Es liegt auch sicher nicht an der Internetverbindung. 

Kann es an den Ports im Router liegen? Und wenn ja, warum hat es dann vorher geklappt und auf einmal nicht mehr? Warum ist überhaupt ständig irgendein Mist und NICHTS kann einfach mal auf anhieb und zu 100% funktionieren??? 

Liebe PCG Comunity, ihr seid unsere letzte Hoffnung! Wir sind soooo treue Abonenten und belästigen nur ungern mit sowas aber vielleicht kann ja jemand helfen...

Liebe Grüße, 

Marc


----------



## Herbboy (8. Mai 2011)

*AW: Verbindungsproblem Call of Duty: Black Ops Zombie Modus / Überlebenskampf*

Kannst das auch mal mit einem anderen Spieler testen? Und wie oft hab ihr es versucht? Kann natürlich auch nur sein, dass da grad nur ein Problem mit den Servern oder so ist?


----------



## U-Banhfahrer (9. Mai 2011)

*AW: Verbindungsproblem Call of Duty: Black Ops Zombie Modus / Überlebenskampf*

Tach,

hatte auch so meine Problemchen mit dem Spiel ( mal ging es einwandfrei, dann war plötzlich nichts mehr möglich usw.)

Schau mal bitte in dieser Anleitung nach, hat bei mir geholfen ( bis jetzt    )

http://www.tobias-hartmann.net/2010/11/call-of-duty-black-ops-ports-fur-multiplayer-freischalten-forwarden/


----------



## P-A-R-Z-I-V-A-L (9. Mai 2011)

*AW: Verbindungsproblem Call of Duty: Black Ops Zombie Modus / Überlebenskampf*



Herbboy schrieb:


> Kannst das auch mal mit einem anderen Spieler testen? Und wie oft hab ihr es versucht? Kann natürlich auch nur sein, dass da grad nur ein Problem mit den Servern oder so ist?


Haben es sehr oft versucht. Diverse reboots haben auch nichts geholfen    Vor einiger Zeit haben wir noch mit jemand 3. gespielt, wo das problem auch auftauchte. Liegt aber eine lange Pause dazwischen und hatten es längst vergessen...bis gestern.
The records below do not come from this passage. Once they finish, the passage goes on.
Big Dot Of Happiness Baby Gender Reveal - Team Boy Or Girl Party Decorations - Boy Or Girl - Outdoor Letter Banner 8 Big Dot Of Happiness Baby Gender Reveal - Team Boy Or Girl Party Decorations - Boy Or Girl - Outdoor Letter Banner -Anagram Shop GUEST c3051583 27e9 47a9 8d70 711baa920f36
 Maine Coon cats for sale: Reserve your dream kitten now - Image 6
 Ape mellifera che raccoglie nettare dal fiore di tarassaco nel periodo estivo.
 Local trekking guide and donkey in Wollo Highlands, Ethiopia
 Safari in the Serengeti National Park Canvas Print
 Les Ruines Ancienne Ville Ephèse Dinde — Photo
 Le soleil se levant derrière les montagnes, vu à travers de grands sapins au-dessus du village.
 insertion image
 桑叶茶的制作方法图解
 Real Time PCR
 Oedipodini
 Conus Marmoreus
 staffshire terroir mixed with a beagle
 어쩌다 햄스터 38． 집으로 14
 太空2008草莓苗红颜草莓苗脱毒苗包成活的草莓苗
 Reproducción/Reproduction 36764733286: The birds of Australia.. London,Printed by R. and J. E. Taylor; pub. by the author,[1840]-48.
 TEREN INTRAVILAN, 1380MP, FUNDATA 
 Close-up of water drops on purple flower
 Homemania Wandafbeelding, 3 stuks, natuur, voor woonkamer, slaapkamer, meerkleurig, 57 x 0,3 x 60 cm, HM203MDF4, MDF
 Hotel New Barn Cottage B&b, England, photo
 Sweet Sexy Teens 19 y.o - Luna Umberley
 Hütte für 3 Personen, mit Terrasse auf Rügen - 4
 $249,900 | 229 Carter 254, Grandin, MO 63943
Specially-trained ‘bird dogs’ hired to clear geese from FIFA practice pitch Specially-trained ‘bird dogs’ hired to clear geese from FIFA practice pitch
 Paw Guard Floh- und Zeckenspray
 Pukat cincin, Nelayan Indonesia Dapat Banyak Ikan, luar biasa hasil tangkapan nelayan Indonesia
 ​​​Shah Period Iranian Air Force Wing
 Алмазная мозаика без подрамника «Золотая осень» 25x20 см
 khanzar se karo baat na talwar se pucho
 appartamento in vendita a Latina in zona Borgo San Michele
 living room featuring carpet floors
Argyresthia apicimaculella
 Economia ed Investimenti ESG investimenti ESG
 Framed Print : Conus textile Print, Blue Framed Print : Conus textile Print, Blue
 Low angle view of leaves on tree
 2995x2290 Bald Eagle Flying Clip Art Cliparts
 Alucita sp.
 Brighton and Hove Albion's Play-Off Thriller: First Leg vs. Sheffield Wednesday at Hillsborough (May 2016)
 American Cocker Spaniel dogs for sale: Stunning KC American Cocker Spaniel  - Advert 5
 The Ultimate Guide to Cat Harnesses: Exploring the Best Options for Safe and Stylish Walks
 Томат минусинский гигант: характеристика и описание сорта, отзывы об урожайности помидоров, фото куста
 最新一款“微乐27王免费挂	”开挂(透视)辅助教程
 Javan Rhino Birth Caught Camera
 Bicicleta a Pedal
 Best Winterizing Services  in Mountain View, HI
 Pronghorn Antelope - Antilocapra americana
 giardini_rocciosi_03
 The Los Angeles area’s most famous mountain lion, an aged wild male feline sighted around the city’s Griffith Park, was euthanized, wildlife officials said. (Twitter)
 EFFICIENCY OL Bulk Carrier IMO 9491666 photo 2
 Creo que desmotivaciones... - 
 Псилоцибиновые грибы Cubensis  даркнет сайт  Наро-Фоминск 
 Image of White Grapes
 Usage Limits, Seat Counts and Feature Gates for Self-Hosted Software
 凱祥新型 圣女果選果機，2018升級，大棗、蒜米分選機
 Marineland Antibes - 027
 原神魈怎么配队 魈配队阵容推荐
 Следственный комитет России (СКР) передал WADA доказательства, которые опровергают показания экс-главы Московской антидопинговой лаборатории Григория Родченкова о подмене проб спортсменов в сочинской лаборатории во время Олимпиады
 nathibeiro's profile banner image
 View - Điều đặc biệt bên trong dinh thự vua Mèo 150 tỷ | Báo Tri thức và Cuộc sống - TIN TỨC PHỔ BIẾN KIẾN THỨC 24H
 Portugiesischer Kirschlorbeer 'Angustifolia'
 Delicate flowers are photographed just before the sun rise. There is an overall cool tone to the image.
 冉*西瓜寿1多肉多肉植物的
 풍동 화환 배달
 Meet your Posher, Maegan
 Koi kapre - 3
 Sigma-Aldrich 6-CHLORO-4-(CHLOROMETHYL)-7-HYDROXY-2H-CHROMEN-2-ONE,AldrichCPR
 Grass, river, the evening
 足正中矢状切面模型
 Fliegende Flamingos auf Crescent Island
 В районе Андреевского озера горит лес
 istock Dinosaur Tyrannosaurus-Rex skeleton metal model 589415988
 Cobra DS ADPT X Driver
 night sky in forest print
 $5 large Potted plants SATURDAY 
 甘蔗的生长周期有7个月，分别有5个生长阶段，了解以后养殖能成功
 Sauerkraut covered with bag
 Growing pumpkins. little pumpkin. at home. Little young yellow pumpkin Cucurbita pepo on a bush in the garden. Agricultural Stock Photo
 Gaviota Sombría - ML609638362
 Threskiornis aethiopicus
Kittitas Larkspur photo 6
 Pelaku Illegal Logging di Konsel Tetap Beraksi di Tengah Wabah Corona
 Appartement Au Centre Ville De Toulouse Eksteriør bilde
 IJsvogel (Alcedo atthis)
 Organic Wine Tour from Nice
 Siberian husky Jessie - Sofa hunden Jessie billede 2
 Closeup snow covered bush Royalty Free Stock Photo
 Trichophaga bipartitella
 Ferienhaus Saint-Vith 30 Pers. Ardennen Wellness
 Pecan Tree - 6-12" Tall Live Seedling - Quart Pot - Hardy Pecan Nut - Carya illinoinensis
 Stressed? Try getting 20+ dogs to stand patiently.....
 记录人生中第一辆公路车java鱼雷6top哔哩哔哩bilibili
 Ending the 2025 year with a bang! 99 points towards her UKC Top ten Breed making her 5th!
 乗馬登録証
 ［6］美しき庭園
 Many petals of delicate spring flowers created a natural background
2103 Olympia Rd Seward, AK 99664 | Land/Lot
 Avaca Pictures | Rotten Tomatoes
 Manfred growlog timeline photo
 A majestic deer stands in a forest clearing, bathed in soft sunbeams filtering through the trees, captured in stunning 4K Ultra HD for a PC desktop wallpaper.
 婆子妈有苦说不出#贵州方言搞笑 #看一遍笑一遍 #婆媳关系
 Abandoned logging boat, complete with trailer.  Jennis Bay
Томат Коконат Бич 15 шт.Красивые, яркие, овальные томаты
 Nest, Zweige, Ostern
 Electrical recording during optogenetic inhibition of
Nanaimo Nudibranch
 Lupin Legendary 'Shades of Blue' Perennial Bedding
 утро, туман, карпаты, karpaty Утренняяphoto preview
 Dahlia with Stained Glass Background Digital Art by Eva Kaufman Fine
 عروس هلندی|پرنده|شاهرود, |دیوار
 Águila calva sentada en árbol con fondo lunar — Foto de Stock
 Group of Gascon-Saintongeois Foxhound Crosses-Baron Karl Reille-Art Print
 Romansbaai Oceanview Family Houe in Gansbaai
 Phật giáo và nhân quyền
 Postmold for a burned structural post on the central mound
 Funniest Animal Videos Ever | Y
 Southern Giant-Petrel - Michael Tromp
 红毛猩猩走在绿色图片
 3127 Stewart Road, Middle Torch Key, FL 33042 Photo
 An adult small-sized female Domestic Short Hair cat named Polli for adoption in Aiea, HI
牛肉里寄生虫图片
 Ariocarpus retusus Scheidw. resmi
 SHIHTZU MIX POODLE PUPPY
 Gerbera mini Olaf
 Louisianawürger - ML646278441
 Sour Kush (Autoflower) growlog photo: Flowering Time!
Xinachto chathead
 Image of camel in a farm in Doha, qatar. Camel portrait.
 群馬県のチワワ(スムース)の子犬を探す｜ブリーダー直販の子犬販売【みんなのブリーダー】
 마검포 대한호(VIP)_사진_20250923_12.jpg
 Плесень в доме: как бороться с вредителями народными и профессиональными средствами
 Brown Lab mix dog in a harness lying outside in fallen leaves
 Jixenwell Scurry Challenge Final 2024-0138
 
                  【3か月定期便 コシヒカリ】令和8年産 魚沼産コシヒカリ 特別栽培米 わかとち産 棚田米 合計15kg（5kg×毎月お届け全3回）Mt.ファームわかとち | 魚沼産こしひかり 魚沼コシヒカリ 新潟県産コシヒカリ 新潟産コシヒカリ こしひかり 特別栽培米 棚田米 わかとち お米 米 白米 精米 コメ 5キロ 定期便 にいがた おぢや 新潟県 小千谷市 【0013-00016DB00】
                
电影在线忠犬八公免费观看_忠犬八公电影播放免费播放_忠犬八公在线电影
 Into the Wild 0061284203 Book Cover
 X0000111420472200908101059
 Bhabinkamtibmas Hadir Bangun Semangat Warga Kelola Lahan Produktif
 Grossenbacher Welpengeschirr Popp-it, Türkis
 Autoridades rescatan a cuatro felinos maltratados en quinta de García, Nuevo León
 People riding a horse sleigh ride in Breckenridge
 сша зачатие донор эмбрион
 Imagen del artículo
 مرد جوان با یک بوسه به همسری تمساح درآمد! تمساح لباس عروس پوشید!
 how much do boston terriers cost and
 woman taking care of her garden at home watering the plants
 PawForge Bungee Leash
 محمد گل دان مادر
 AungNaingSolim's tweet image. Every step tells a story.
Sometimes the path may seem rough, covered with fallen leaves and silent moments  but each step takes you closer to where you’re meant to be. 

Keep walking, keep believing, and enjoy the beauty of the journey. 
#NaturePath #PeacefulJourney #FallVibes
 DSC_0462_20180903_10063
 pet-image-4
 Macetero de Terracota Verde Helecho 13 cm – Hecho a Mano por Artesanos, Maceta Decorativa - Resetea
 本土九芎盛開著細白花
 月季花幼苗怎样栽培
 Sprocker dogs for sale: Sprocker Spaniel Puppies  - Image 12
Stutzig macht mich aber, dass im Internet oft von diesem Problem berichtet wird, jedoch niemand eine Lösung hat.

@U-Bahnfahrer: Das mit den Ports hab ich im Internet auch schon gefunden (es wurden lediglich zusätzliche/andere genannt) jedoch differenziert mein Speedport W 303V Typ A zwischen Port-Umleitung, -Öffnung und -Weiterleitung. Bei Port-Öffnung verlangt er neben den zu öffnenden Ports (jeweils eine Zeile für UDP und TCP) auch einen "Port" sowie die Auswahl eines Protokolls (UDP oder TCP) unter dem Stichwort "Tiggering". Dazu ist in der Anleitung aber nichts vermerkt und wenn ich ein Protokoll auswähle und "Port" leer lasse oder einfach irgendwas eintrage beschwert sich das Konfigurationsprogramm...

OKAY EDIT: aaaalso, nach genaum Lesen habe ich das Wort "weiterleiten" gefunden und bei Port-Weiterleitung werden keine Angaben zu "Tiggering" verlangt. Habe alles eingetragen und werde sehen obs jetzt funktioniert...


----------



## P-A-R-Z-I-V-A-L (10. Mai 2011)

*AW: Verbindungsproblem Call of Duty: Black Ops Zombie Modus / Überlebenskampf*

Also eine endgültige Lösung kann es nicht sein, bzw. löst sie das Problem nur oberflächlich. Nach dem Eintragen der Regeln im Router hat es direkt funktioniert. Nach einer Pause eine weile später war das Problem wieder da. Darauf hin habe ich die anderen Ports, die ich im Internet außerdem fand, hinzugefügt. Und es ging wieder. Dann wieder nicht mehr. 

Ich habe mir gedacht vielleicht liegt es ja an MEINEM Router und immer, wenn ich dran "rumwurschtle" geht's danach. Ich hab also die Regeln alle deaktiviert und wieder aktiviert. UND SIEHE DA: wir konnten wieder spielen.

Jetzt kann man natürlich nur spekulieren, ob es wirklich an meinem Router liegt, nur Zufall war oder das Problem ganz und gar wo anders liegt und ich durch meine Aktivität unterbewusst immer was geändert habe....

Ich glaube, das ist der Grund warum sich viele einfach nur noch hinter eine Konsole setzen...oder gibt'sda solche Probleme etwa auch?


----------



## Herbboy (10. Mai 2011)

*AW: Verbindungsproblem Call of Duty: Black Ops Zombie Modus / Überlebenskampf*

Bei Konsolen ist es halt so, dass es da kein angreifbares Windows und wichtige Daten usw. gibt, die man "hacken" könnte, daher kann es gut sein, dass die Konsolen Ports benutzen, die eh immer offen sind. Auch weil man ja über Konsole nur schwer nen Router konfigurieren kann, das wäre also auch kompliziert, wenn man da erst Regeln ändern müsste im Routermenü. 

Aber ich vermute, dass 99% der Konsolennutzer noch nie was von "Ports" und "Routeregeln" gehört haben, d.h. die Sache mit Routerregeln usw. ist IMHO sicher nicht der Grund, warum Leute Konsolen nutzen bzw. auf eine Konsole umsteigen


----------